# 5-bit Signed SRAM-Based In-Memory Computing Cell

F. Karimpour, F. Pardo, D. García-Lesta

Centro Singular de Investigación en Tecnoloxías Intelixentes (CiTIUS)

Universidade de Santiago de Compostela

Santiago de Compostela, Spain

email: faranak.karimpour@usc.es

Abstract-Hardware accelerators are critical in providing real-time processing for edge computing applications, particularly in the context of convolutional neural networks. A crucial challenge in this context is achieving low power consumption while maintaining an appropriate performance in terms of accuracy. This work delves into a thorough analysis of prospective architectures for the core cell of the multiply-and-accumulate function, monitoring each structure's crucial benefits and drawbacks. It includes electrical simulations comparing their performance in a 180 nm process node for 1.8 V and 3.3 V. Moreover, a process corner simulation is proposed to identify on-chip process variations in the voltage error of the proposed design under different input voltages. Notably, the minimum corner errors observed at +15 and -7 sign bits are 0.45% and 0.63%, respectively. The significant outcome highlights that the single-switch implementation achieves optimal performance, displaying the lowest error value of 0.14%, specifically at the +15 sign bit and operating at 1.8 V.

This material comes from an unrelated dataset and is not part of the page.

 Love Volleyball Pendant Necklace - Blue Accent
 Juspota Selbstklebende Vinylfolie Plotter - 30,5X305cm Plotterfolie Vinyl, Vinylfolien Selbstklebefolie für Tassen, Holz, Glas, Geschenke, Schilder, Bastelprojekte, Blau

Index Terms—In-memory computing, convnets, neural network hardware accelerator, mixed-mode, CNN.

#### I. INTRODUCTION

Computer vision has made great strides in recent years due to the increased adoption of deep learning algorithms. These methods have significantly advanced the state-ofthe-art in numerous tasks, including speech analysis, object recognition, and face recognition [1]. A deep neural network (DNN) comprises successive layers with different operations, where convolutions are the primary focus and critical components in DNN accelerator designs [2]. Convolutional Neural Networks (CNNs) use convolutional layers for feature extraction. However, they struggle with real-time performance and energy efficiency, as convolutional layers involve multiplication and accumulation (MAC) operations [3]. While MAC DNN accelerators have been developed to meet computational demands, they often lead to increased power consumption, posing challenges for deploying Edge Artificial Intelligence (AI) [4].

Unlike traditional Von Neumann architectures, DNN hardware accelerators employ memory-efficient designs such as CMOS or emerging memory technologies like FeRAM for



Fig. 1: (a) Von Neumann architecture, in which CPU and memory are separated and connected through a high-bandwidth bus, (b) SRAM-based IMC, in which the computation is performed directly in the SRAM memory array.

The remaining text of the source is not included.